Task requirements
In the entries below, find the line with "56398966 :رقم المزاد" and the line with "Chalet para 10". Reproduce those two lines and every line between them exactly, and nothing more.
---------- Supplied data ----------
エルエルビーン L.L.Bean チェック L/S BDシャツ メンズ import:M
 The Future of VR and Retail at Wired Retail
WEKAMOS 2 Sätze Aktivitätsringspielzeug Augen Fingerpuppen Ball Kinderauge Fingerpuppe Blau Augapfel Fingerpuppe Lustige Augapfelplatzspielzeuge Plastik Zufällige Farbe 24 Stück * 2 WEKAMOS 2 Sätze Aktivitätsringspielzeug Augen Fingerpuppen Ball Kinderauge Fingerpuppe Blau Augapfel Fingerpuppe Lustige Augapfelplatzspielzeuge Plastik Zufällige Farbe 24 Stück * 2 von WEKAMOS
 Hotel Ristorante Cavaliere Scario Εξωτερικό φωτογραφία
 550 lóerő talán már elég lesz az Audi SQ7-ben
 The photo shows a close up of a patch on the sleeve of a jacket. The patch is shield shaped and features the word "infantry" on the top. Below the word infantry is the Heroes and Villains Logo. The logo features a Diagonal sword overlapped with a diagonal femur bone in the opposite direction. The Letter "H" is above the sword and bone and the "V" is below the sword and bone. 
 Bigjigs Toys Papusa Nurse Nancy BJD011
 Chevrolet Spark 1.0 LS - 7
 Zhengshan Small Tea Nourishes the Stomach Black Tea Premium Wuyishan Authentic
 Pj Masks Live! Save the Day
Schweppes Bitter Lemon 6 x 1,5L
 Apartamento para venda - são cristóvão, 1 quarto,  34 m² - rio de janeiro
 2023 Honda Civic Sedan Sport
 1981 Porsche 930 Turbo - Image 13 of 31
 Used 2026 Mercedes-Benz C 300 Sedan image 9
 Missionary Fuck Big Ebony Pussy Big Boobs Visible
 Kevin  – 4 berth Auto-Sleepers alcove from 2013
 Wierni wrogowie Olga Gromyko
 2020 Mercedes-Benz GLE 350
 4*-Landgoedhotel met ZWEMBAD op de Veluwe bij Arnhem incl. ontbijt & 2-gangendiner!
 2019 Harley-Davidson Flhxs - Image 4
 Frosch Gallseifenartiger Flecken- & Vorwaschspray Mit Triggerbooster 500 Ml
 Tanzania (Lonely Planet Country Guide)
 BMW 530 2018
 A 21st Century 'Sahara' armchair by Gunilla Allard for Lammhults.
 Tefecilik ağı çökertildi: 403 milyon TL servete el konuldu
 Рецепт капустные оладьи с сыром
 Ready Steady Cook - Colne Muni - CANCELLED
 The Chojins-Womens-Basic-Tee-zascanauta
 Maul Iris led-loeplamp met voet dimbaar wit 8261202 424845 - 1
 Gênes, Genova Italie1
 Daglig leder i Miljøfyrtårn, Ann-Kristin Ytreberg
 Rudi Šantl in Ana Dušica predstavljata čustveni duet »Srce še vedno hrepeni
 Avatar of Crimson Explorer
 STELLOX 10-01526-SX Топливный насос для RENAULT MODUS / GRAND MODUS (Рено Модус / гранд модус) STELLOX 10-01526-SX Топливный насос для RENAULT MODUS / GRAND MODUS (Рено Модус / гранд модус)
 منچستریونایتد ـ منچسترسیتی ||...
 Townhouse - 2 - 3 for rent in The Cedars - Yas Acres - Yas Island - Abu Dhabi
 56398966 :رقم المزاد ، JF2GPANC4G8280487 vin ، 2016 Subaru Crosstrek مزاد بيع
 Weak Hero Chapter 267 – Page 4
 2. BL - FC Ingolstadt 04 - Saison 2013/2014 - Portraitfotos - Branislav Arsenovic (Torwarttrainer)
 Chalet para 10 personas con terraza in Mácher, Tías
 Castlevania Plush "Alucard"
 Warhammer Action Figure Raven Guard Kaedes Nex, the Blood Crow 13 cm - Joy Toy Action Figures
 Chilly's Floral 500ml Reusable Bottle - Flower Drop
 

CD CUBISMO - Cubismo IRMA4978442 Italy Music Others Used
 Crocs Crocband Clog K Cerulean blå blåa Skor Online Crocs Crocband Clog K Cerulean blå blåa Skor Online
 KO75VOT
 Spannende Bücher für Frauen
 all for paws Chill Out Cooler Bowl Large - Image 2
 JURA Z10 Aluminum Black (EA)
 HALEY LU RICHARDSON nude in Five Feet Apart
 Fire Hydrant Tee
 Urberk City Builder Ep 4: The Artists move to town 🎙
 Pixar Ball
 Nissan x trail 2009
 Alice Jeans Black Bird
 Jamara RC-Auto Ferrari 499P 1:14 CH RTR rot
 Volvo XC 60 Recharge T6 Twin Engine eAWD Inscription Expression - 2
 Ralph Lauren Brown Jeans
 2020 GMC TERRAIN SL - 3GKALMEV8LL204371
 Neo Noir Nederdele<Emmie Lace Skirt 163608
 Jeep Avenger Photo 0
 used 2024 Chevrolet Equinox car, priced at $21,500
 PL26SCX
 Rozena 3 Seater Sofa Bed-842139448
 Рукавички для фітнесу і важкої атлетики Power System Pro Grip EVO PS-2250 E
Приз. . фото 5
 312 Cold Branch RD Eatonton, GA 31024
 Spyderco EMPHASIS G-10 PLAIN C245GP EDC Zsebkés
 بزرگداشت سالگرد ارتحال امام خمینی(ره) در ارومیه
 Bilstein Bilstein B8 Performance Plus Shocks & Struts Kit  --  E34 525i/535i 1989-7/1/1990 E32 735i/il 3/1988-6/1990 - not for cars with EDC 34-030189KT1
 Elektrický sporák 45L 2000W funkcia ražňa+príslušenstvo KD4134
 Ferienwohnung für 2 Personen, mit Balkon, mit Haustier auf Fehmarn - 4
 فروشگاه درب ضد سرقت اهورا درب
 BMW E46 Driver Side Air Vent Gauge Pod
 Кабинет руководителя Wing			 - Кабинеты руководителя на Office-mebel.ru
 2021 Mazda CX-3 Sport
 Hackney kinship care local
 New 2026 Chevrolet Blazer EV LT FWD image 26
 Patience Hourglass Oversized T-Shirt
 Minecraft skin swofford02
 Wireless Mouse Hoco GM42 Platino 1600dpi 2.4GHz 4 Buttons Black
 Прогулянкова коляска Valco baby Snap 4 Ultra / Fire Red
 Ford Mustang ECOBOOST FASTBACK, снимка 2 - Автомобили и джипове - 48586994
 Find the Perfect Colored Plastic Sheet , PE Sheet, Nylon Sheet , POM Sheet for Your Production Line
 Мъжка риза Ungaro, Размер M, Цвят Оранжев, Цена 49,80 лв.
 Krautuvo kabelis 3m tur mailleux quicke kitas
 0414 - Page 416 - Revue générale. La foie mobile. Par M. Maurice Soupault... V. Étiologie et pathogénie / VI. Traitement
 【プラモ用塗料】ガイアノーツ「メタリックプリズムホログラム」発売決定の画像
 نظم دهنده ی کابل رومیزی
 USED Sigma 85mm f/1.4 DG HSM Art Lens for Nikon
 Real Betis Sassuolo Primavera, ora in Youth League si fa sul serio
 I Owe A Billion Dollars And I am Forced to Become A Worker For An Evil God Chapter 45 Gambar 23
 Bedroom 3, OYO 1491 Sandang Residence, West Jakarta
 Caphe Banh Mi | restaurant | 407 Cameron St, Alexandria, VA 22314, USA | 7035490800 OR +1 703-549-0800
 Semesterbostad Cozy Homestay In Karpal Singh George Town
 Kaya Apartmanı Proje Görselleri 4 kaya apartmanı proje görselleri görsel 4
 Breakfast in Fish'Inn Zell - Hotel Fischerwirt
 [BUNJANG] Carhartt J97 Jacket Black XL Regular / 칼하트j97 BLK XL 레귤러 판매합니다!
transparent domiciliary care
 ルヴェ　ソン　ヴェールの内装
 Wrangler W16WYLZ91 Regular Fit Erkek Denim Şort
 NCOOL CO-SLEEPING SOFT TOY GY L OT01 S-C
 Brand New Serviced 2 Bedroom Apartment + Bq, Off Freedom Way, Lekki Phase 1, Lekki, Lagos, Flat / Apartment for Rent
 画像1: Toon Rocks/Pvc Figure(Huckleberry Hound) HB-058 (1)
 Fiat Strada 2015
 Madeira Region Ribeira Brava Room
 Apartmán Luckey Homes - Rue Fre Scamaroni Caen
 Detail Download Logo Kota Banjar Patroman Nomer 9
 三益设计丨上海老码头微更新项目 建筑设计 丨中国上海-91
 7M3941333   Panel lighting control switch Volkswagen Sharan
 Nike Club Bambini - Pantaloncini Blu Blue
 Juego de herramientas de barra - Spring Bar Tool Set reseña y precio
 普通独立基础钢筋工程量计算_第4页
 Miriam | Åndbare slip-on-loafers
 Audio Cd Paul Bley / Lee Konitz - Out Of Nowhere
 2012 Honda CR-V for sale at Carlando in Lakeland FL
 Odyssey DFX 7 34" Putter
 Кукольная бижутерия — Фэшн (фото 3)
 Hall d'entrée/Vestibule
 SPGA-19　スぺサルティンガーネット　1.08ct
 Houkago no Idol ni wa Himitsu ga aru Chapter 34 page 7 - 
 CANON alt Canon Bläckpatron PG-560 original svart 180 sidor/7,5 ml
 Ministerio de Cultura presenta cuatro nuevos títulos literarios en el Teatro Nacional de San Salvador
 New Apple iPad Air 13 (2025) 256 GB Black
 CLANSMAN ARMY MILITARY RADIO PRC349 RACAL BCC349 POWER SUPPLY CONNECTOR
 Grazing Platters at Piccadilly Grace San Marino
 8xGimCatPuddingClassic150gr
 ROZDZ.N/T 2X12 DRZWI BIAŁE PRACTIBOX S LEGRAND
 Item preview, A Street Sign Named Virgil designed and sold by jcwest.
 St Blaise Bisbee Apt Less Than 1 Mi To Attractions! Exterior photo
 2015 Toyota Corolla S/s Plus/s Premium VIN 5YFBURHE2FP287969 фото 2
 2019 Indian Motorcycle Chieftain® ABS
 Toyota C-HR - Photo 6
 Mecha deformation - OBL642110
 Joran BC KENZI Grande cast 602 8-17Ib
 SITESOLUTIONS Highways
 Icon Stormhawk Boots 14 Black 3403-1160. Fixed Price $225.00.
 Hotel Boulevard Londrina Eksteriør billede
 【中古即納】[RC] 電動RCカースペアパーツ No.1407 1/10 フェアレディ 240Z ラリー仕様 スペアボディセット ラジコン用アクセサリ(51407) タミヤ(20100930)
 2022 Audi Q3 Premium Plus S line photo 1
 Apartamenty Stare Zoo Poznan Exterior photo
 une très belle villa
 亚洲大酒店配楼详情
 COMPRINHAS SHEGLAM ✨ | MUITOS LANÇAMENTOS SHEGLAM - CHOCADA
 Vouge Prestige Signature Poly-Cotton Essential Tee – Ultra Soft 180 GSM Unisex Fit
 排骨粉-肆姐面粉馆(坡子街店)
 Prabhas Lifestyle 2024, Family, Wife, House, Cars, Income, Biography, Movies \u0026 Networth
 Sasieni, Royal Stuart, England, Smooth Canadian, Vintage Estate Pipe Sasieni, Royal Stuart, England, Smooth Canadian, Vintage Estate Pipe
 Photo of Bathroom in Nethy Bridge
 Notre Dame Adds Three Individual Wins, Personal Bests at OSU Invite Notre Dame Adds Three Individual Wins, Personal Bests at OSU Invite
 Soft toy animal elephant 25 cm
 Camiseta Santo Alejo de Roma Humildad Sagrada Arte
----------
Output of the task
 56398966 :رقم المزاد ، JF2GPANC4G8280487 vin ، 2016 Subaru Crosstrek مزاد بيع
 Weak Hero Chapter 267 – Page 4
 2. BL - FC Ingolstadt 04 - Saison 2013/2014 - Portraitfotos - Branislav Arsenovic (Torwarttrainer)
 Chalet para 10 personas con terraza in Mácher, Tías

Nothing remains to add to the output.